I investigated, hoping that maybe I’d learn something. The first thing I did was to see how we were generating this data, in case the problem was somehow a monitoring artifact. The metric is implemented by iterating over /proc/self/fds, which was reasonable enough, thus ruling out that possibility. My next thought was to periodically look at the set of open files (via lsof) and see which ones were closed as part of the big drop every 5 minutes. That yielded a list of the form:
tailcontr 37009 ubuntu 261u sock 0,8 0t0 4128146 protocol: TCPv6
tailcontr 37009 ubuntu 269u sock 0,8 0t0 4144334 protocol: TCPv6
tailcontr 37009 ubuntu 282u sock 0,8 0t0 4096727 protocol: TCPv6
tailcontr 37009 ubuntu 301u sock 0,8 0t0 4085556 protocol: TCPv6
tailcontr 37009 ubuntu 305u sock 0,8 0t0 4084626 protocol: TCPv6
tailcontr 37009 ubuntu 313u sock 0,8 0t0 4151388 protocol: TCPv6
tailcontr 37009 ubuntu 318u sock 0,8 0t0 4088536 protocol: TCPv6
...
While this gave one small clue (the fact that the file descriptors corresponded to TCP connections, as opposed to other file-like things), it didn’t help much. The connections were half-closed, and it was not apparent where they had come from.
I decided to do slightly fancier lsof snapshots and track the lifetime of one of these connections (as identified by its file descriptor, 273 in this case) across the entire 5 minute period:
01:12:17.24 tailcontr 142810 ubuntu 273u IPv6 5725049 0t0 TCP 172.31.10.244:https->1.2.3.4:57666 (ESTABLISHED)

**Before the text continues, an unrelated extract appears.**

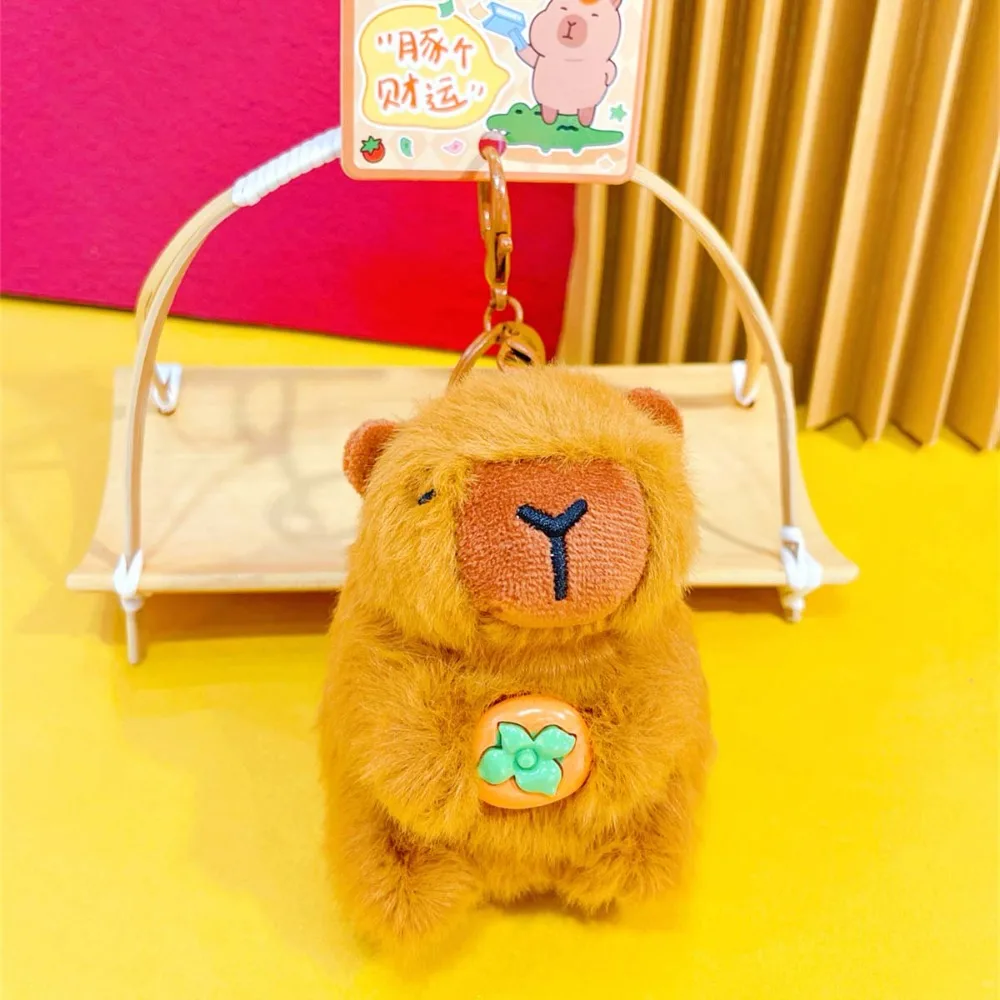 Brown Soft Capybara Key Ring Persimmon Funny Plush Animal Pendant Fur Cross Dressing Shaking Sounding Toy Girls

01:13:32.17 tailcontr 142810 ubuntu 273u IPv6 5725049 0t0 TCP 172.31.10.244:https->1.2.3.4:57666 (CLOSE_WAIT)
01:14:03.22 tailcontr 142810 ubuntu 273u sock 0,8 0t0 5725049 protocol: TCPv6
01:16:53.93 (socket is removed)
This showed that it was an inbound connection from a Tailscale client (as opposed to coming from the reverse proxy). Armed with its remote IP and port number, I was able to look in the server logs for any errors relating to that client:
{
"logtail": {
"client_time": "2022-07-19T01:16:33.525315903Z",
"server_time": "2022-07-19T01:16:33.571807282Z"
},
"text": "http: TLS handshake error from 1.2.3.4:57666: acme/autocert: missing certificate\n"
}
A few other connections that I spot-checked all had the same error; thus I was pretty confident that this was related to our use of Let’s Encrypt certificates via the autocert package.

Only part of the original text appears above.